About the job
At Braze, we pride ourselves on our exceptional team—approachable, kind, and passionate individuals dedicated to our mission.
We strive to foster this passion by setting high expectations, promoting collaboration, and ensuring a harmonious work-life balance as we grow rapidly on a global scale, all while advocating for equity and opportunities within and beyond our organization.
To thrive in this environment, you should be ready to hold yourself and others to high standards. There are always opportunities to contribute: exercising independence, taking responsibility, and welcoming new viewpoints are vital for our sustained success.
Our inherent curiosity and willingness to share diverse interests create a vibrant culture that is uniquely ours.
If you're motivated to tackle exciting challenges and have a proactive approach to change, you will find the empowerment to make a significant difference alongside a dedicated and enthusiastic team. If Braze resonates with you, we look forward to connecting!
WHAT YOU'LL DO
As a Platform Software Engineer (PSWE), you will design and develop the distributed systems that underpin Braze's extensive background processing platform. You will manage Sidekiq at Braze, which processes over a trillion jobs daily across Kubernetes clusters worldwide. Your role will encompass autoscaling systems, metrics pipelines, reliable job execution, and the internal frameworks that ensure distributed processing is safe for application teams.

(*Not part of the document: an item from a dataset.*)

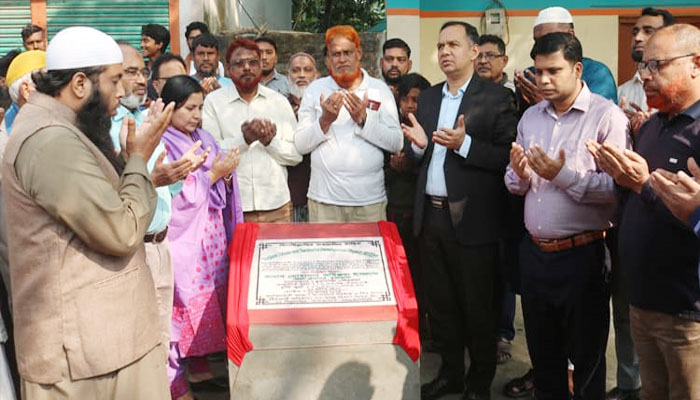 চুয়াডাঙ্গা পৌরসভায় সড়ক উন্নয়ন কাজ শুরু চুয়াডাঙ্গা পৌরসভায় সড়ক উন্নয়ন কাজ শুরু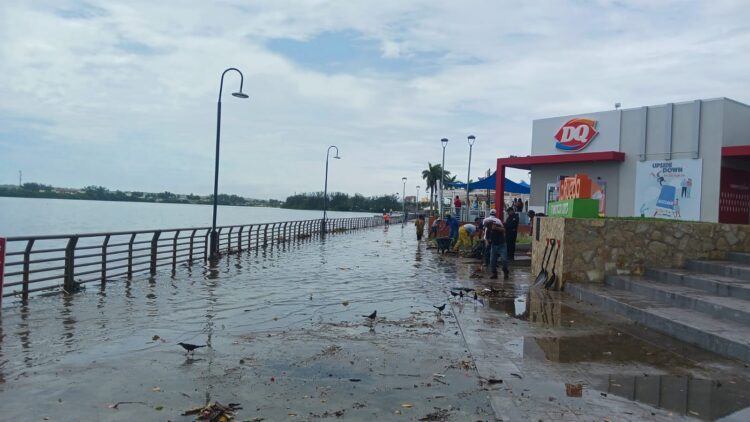 Se desborda Laguna del Carpintero, Guardia Estatal alerta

Operating at a colossal scale, Braze serves 3.3 billion monthly active users, collects hundreds of billions of data points monthly, and sends billions of messages each day. Our technology stack includes Ruby on Rails, Go, MongoDB, Redis, and Kafka. As a PSWE, you will collaborate with application teams to enhance the Sidekiq platform they rely on and improve its reliability, performance, and developer experience.
Main responsibilities:
- Develop Braze’s embedded frameworks that enable large-scale distributed processing.
- Design, build, and operate internal software frameworks that support Braze’s asynchronous and background processing systems at scale.
- Enhance and extend frameworks built on technologies like Sidekiq to reliably execute over a trillion jobs per day across a globally distributed platform.
- Oversee scaling behavior, reliability guarantees, failure modes, and operational safety of these systems.
- Provide structured abstractions, tooling, and guardrails that allow application teams to utilize distributed processing safely while minimizing complexity.
- Improve observability, debuggability, and overall system performance.